The Quantum Thief by Hannu Rajaniemi

Jean le Flambeur is a post-human criminal, mind burglar, confidence artist and trickster. His origins are shrouded in mystery, but his exploits are known throughout the Heterarchy – from breaking into the vast Zeusbrains of the Inner System to steal their thoughts, to stealing rare Earth antiques from the aristocrats of the Moving Cities of Mars. Except that Jean made one mistake. Now he is condemned to play endless variations of a game-theoretic riddle in the vast virtual jail of the Axelrod Archons – the Dilemma Prison – against countless copies of himself. Jean’s routine of death, defection and cooperation is upset by the arrival of Mieli and her spidership, Perhonen. She offers him a chance to win back his freedom and the powers of his old self – in exchange for finishing the one heist he never quite managed . . .The Quantum Thief is a dazzling hard SF novel set in the solar system of the far future – a heist novel peopled by bizarre post-humans but powered by very human motives of betrayal, revenge and jealousy. It is a stunning debut.
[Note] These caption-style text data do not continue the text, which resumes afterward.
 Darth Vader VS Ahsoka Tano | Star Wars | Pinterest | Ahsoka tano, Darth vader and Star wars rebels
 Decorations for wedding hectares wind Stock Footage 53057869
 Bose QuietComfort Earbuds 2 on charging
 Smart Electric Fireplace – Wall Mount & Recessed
Ahh, the lovely Kekai Kotaki strikes again. There’s a reason he’s one of my absolute favourite artists working right now. Certainly this cover, coming from Tor Books, is a huge step up from the bland UK cover. I know it sounds shallow, but I’m suddenly a lot more interested in reading Rajaniemi’s novel thanks to this cover; despite the rave reviews, I was never really interested in it. What can I say? I’m easy to please (with good cover art).

Discussion
  • T.N. Tobias October 27, 2010 at 8:51 am

    Love it. Love Stross’s pull quote too. I’ll be picking this one up.
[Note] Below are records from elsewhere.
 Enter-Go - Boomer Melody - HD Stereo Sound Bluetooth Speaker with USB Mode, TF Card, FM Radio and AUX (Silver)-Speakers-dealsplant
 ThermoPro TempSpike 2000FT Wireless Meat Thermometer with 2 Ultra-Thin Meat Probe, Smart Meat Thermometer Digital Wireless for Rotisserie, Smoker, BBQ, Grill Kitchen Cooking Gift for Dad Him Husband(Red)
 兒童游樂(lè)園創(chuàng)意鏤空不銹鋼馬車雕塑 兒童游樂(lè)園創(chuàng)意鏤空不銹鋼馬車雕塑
  • […] This post was mentioned on Twitter by Tor Books and fantasycafe, Laura Fitzgerald. Laura Fitzgerald said: RT @adribbleofink: The US cover art for Hannu Rajaniemi's THE QUANTUM THIEF is sublime. I want to read it! http://bit.ly/bfcefx […]

  • James October 28, 2010 at 4:09 am

    It’s worth pointing out that the ‘dull’ UK cover art hasn’t stopped the UK version of the novel from selling extremely well. I actually like the UK cover art, I actually find it quite distinctive. The US cover, less so. It’s nice but…I just don’t find it terribly interesting for some reason.

  • aidan October 28, 2010 at 6:28 am

    @James – Anecdotal evidence that cover art doesn’t mean as much for a novel’s success as a strong marketing campaign, raving early reviews and coverage in major media outlets?

  • The Fantasizer October 28, 2010 at 9:00 am

    WOW! This is what i call a kick ass cover, I usually like my covers to not portray the characters, or atleast with some ambiguity if its absolutely necessary to have a cover with a character on it, but this cover is a bad ass example of a character based cover done right!

  • Sarah (Bookworm Blues) October 28, 2010 at 9:03 pm

    Aww… I didn’t notice you called me awesome. That’s flattering, coming from you!